Web page caption snippets:
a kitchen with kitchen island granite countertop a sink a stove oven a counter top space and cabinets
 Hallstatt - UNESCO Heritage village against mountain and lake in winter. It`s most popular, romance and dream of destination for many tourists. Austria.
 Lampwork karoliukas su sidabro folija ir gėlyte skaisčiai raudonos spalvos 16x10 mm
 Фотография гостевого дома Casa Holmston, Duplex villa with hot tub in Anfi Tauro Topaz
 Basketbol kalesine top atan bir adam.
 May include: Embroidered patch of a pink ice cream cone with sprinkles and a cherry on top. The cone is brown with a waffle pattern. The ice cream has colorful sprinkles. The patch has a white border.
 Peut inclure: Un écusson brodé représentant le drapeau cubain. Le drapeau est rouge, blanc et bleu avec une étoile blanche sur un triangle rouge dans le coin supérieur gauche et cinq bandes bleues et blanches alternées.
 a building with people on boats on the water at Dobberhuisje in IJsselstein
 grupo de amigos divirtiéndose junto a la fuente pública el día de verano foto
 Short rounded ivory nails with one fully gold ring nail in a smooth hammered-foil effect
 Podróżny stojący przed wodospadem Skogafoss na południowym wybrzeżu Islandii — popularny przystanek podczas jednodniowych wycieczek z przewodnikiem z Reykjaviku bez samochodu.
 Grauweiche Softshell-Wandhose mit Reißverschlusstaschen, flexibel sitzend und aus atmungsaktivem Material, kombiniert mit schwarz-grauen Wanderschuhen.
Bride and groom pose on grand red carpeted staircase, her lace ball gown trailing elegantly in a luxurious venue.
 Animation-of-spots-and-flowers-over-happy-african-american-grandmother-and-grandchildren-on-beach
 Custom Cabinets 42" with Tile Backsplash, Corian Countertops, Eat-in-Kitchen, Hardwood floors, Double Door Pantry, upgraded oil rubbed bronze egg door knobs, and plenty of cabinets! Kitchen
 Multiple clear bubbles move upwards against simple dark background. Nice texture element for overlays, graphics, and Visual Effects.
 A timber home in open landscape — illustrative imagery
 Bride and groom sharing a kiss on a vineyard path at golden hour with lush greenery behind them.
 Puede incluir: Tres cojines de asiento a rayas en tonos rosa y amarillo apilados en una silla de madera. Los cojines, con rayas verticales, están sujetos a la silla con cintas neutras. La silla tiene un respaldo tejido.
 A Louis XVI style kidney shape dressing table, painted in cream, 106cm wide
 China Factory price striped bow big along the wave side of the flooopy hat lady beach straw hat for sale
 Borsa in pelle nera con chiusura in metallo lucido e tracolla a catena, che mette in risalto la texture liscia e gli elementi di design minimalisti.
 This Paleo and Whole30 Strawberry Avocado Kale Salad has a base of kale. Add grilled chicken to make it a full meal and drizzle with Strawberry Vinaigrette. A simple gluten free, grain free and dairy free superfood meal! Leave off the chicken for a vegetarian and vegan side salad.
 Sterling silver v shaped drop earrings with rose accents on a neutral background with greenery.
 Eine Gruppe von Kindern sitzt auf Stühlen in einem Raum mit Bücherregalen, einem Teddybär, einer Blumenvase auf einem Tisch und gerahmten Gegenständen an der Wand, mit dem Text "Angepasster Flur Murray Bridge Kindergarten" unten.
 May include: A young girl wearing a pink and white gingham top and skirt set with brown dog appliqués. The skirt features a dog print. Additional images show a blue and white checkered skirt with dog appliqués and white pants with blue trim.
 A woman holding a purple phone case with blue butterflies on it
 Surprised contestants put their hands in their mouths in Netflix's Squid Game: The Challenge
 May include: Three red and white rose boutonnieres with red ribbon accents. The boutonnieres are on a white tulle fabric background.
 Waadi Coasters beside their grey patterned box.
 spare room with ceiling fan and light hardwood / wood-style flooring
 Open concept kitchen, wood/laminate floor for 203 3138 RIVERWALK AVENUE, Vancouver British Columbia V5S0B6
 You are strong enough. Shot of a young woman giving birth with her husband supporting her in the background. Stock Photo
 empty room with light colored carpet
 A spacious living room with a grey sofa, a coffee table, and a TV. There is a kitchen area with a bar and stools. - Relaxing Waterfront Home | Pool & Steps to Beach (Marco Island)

### WHAT NEEDS TO BE DONE
Where a line above holds the string "style", copy that line.

### ANSWER BELOW
 A Louis XVI style kidney shape dressing table, painted in cream, 106cm wide
 spare room with ceiling fan and light hardwood / wood-style flooring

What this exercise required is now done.